◆ **Requirement**: Transcribe exactly, and without pictures, the lines from the one that contains "Tohu Harris of" through the last line of the material.

___ Information supplied ___

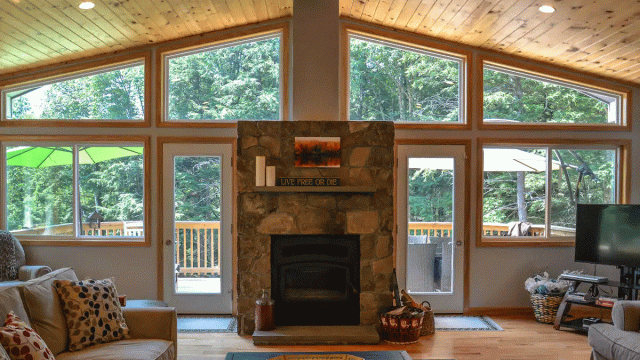 a cozy cabin includes a stone fireplace and floor to ceiling windows where you can see the forest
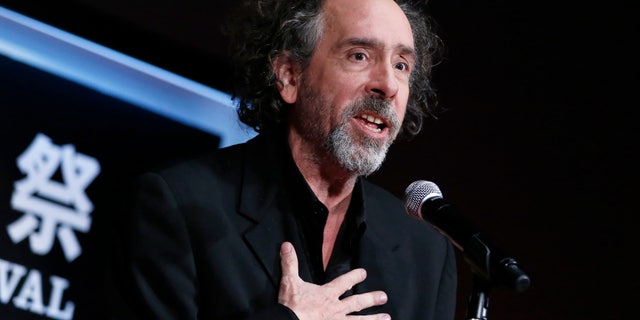 Director Tim Burton speaks as he receives the SAMURAI award during the closing ceremony of the Tokyo International Film Festival in Tokyo October 31, 2014. REUTERS/Yuya Shino (JAPAN - Tags: ENTERTAINMENT SOCIETY) - RTR4CATP
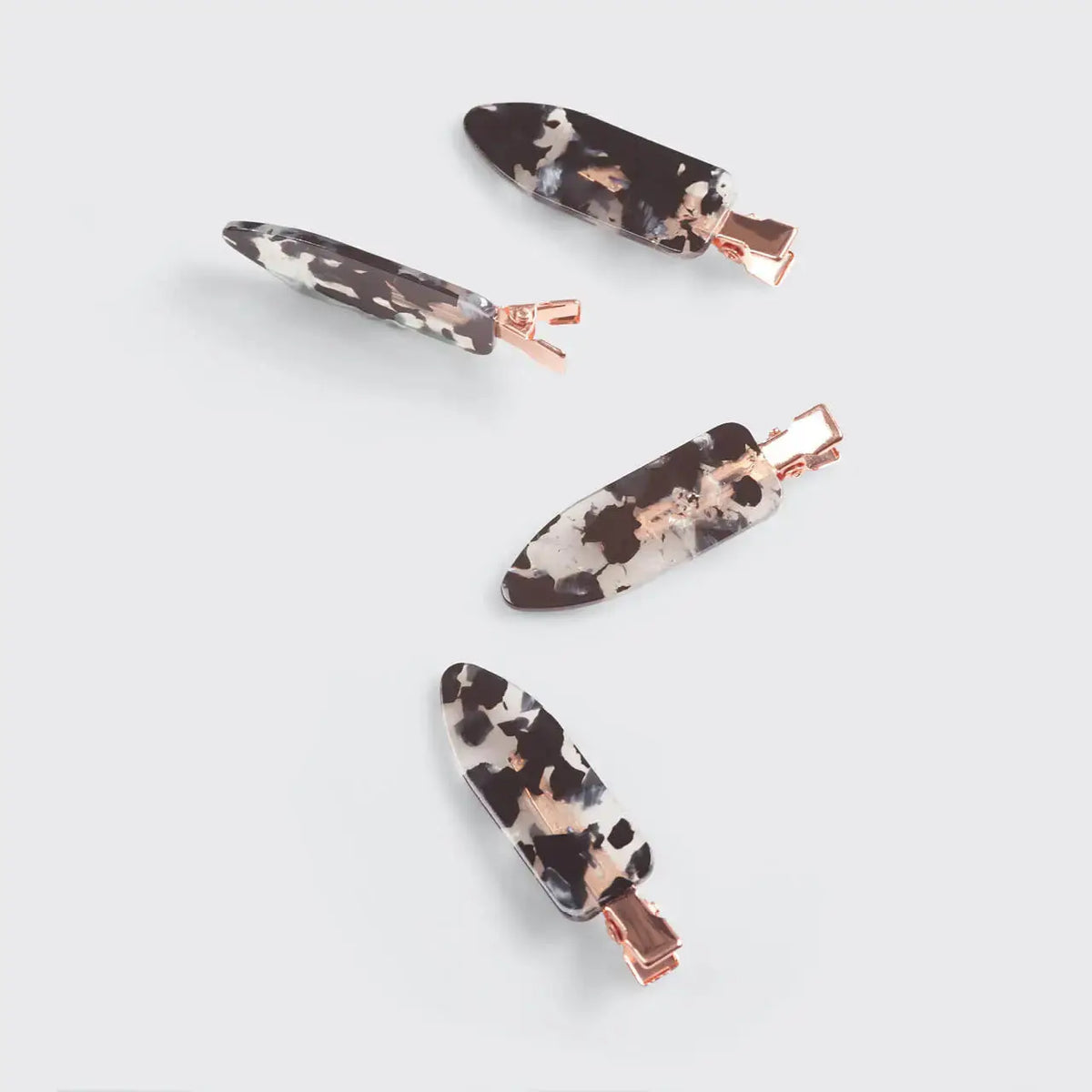 Kitsch creaseless clips for apparel, small metal hair clips designed to hold hair securely without creasing.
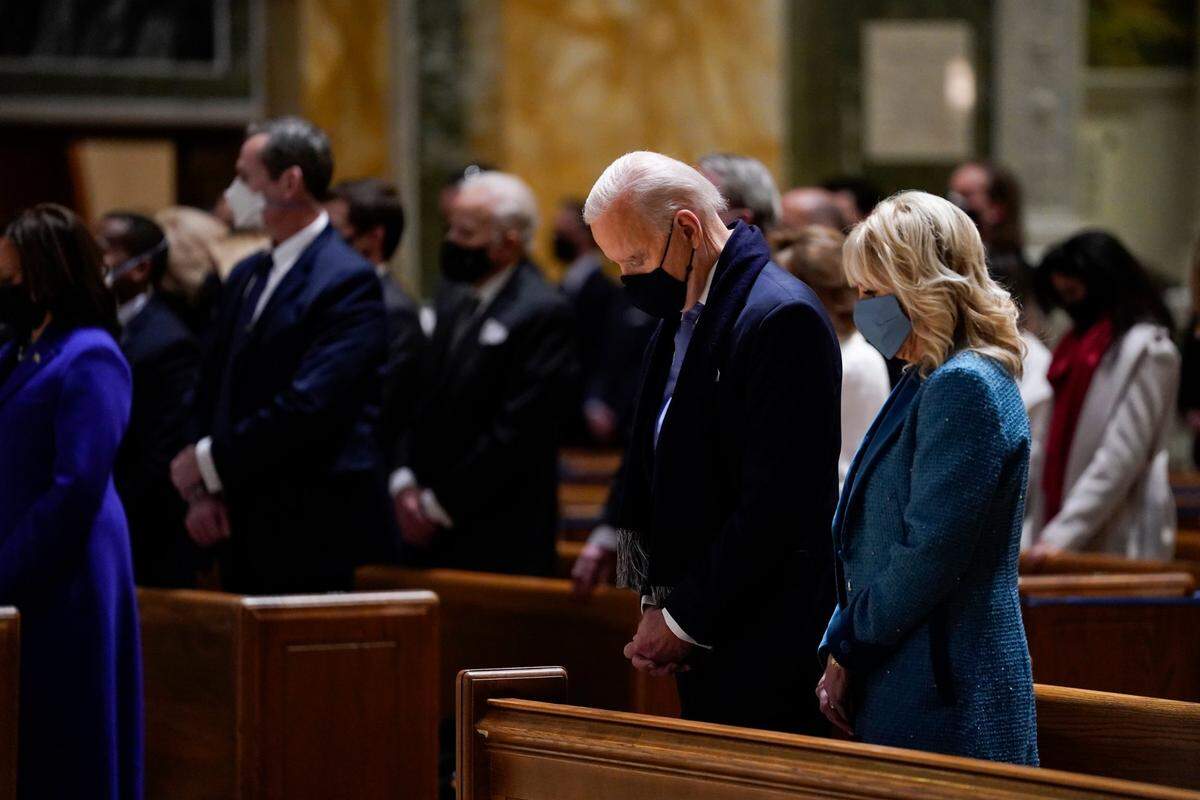 President-elect Joe Biden and his wife Jill Biden attend Mass at the Cathedral of St. Matthew the Apostle during Inauguration Day ceremonies Wednesday, Jan. 20, 2021, in Washington.
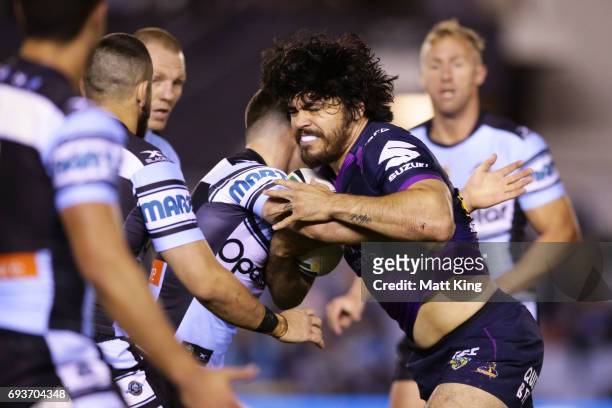 Tohu Harris of the Storm is tackled during the round 14 NRL match between the Cronulla Sharks and the Melbourne Storm at Southern Cross Group Stadium...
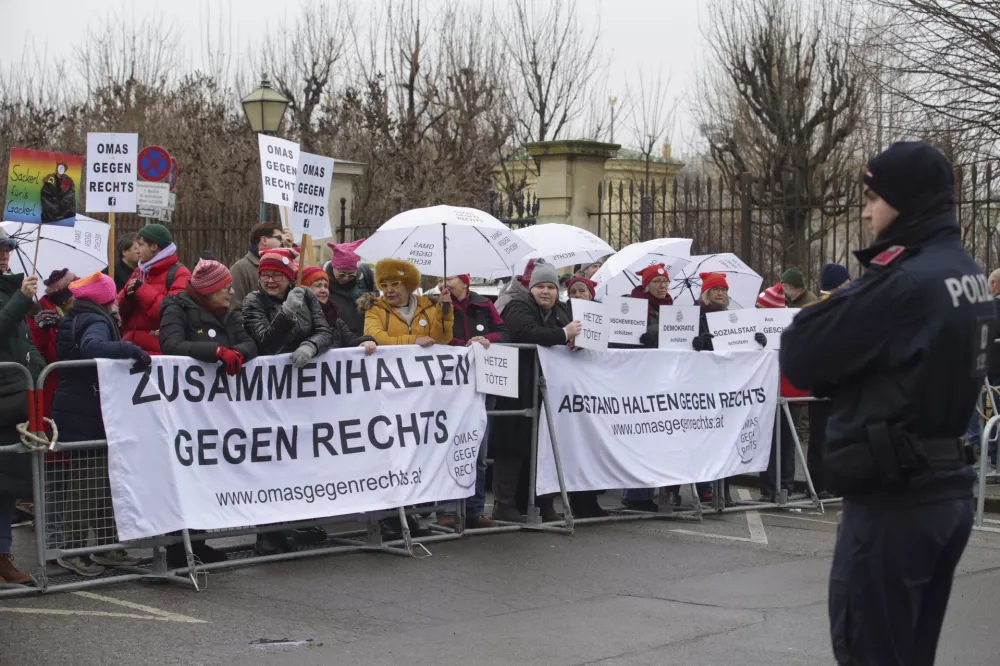 Members of the group "Grannies against the right" attend a protest outside the presidential office, in Vienna, Austria, Monday, Jan. 06, 2025. (AP Photo/Heinz-Peter Bader)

___

◆ **Exercise response**:
 Tohu Harris of the Storm is tackled during the round 14 NRL match between the Cronulla Sharks and the Melbourne Storm at Southern Cross Group Stadium...
 Members of the group "Grannies against the right" attend a protest outside the presidential office, in Vienna, Austria, Monday, Jan. 06, 2025. (AP Photo/Heinz-Peter Bader)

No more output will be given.